Source records
--

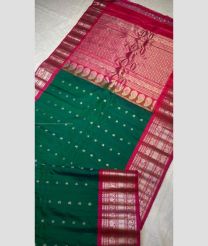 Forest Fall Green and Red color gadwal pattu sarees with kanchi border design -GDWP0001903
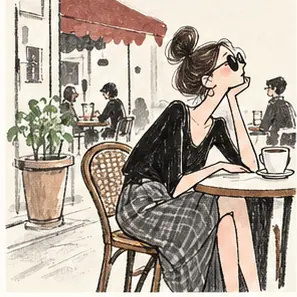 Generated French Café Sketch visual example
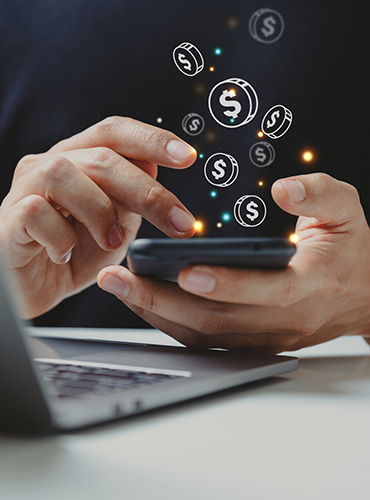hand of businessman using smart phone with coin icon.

--

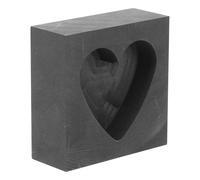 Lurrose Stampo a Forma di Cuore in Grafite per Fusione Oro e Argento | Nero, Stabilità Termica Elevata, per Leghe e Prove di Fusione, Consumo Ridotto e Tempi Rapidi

--

Above this task is a listing with pictures in it. Retype only the lines from the one containing "Generated French Café Sketch visual example" through the one containing "hand of businessman", both included, and not the pictures.

 Generated French Café Sketch visual example
hand of businessman using smart phone with coin icon.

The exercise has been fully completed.